I am a digital humanities scholar working in the field of technical communication focused on experience architecture. My research interests include social user experience, participatory culture, and digital rhetoric.
My work has been published in Technical Communication Quarterly, Kairos, the Journal of Business and Technical Communication, Technical Communication, Participations: The Journal of Audience and Reception Studies, SIGDOC, and others.
My first book, Social Media in Disaster Response, is the first in the Association of Teachers of Technical Writing series by Routledge. My second book is an edited collection on Rhetoric and Experience Architecture produced with my co-editor, Michael Salvo. I am the caretaker of and project leader for Sherlockian.net, a website dedicated to the Sherlock Holmes community.
My work has been funded by the National Endowment for the Humanities (NEH), the Institute of Museum and Library Services (IMLS), and my home institutions. These funded projects include Archive What I See Now, the Digital Dissertation Depository, Analyzing Ojibwe and Cherokee Manuscripts: Proof of Concept for a Digital Archive, and others.

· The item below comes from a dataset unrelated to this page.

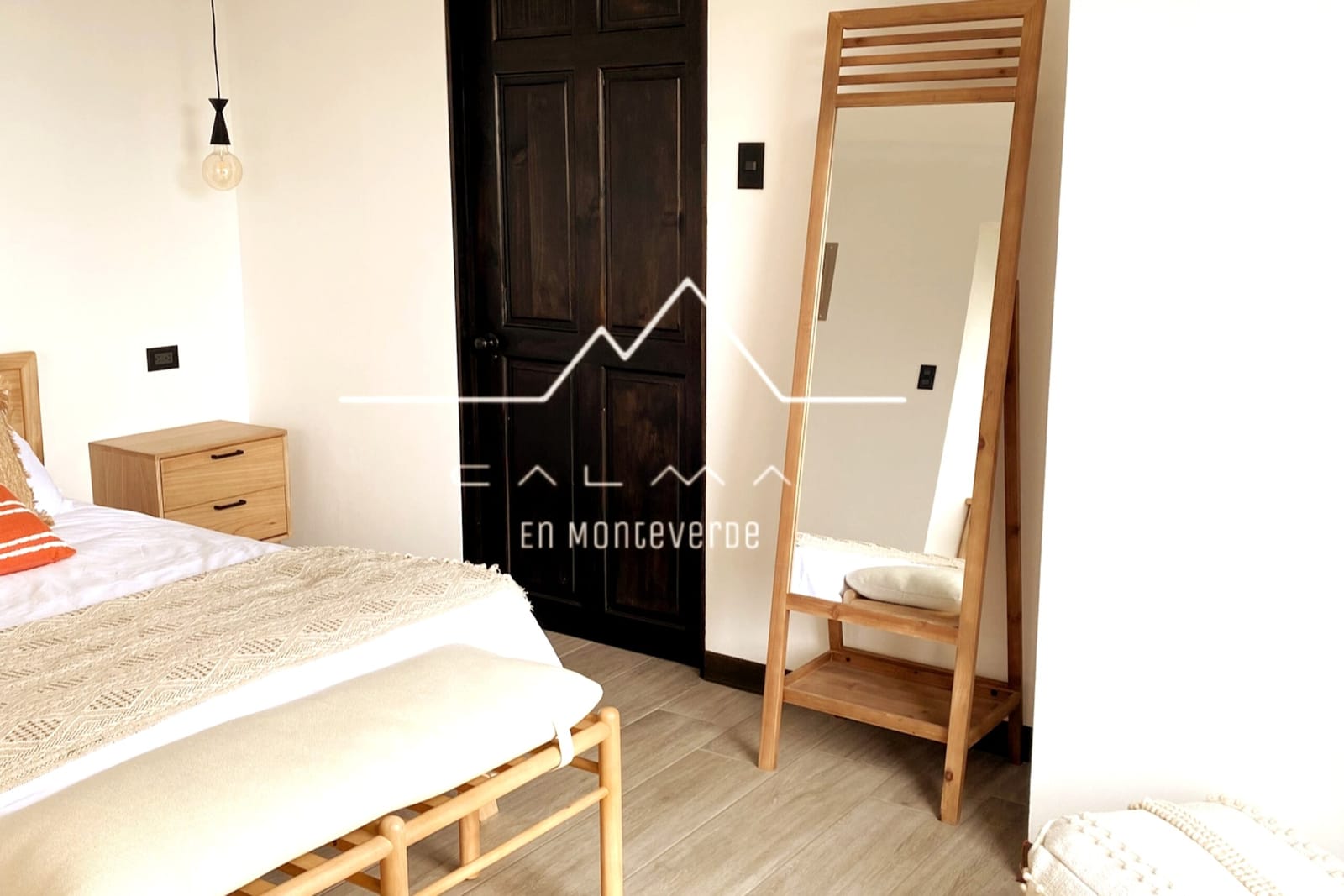 Full-height mirror beside the bed and Calma logo
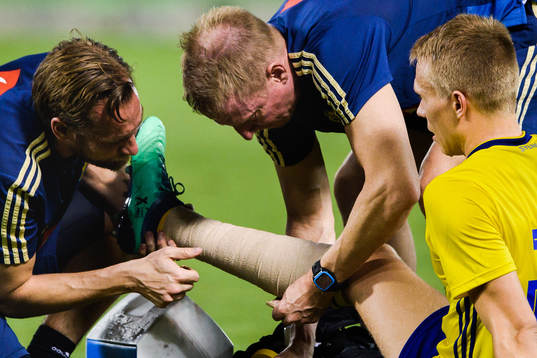 Jonathan Augustinsson of Sweden receives help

My recent projects in WIDE include:
- Circulating Knowledge. This project expands on my earlier work in disaster communication, focusing on how technology interfaces and policies affect people’s experiences of knowledge production and distribution.
- Fan Experiences of Participatory Memory. This project is focused on understanding collective memory produced by a grassroots, participatory culture, specifically looking at how fans celebrate and mourn across physical and digital spaces. This project has resulted in a digital book project forthcoming from Enculturation’s Intermezzo. and my role as Caretaker of Sherlockian.net, a website dedicated to the Sherlock Holmes community.
- Digital Archiving. This area of focus includes the NEH-sponsored Archive as I See It Now project and the IMLS-sponsored Analyzing Ojibwe and Cherokee Manuscripts work. For the former project, our team is building technologies that will allow digital humanities scholars to live archive events as they happen online. Example events include the Olympics, acts of terrorism, and product releases. For the latter project, we built prototypes for language learners and archivists.
- Disaster Communication. This project is largely retired, but we are still available to help with disaster communication and analysis. This book was the outcome of a 10 year study of how people communicate online during times of disaster.
- Organization structures of and oppositions to organizations led by and created for woman. Through projects conducted with the founders of Ladies that UX, 221B Con, and Women in Technical Communication, this project seeks to understand how organizations created by women and aimed largely at an audience of women is organized and managed.
- Digital Dissertations. Our project team has conducted preliminary research for creating a network of digital dissertation authors.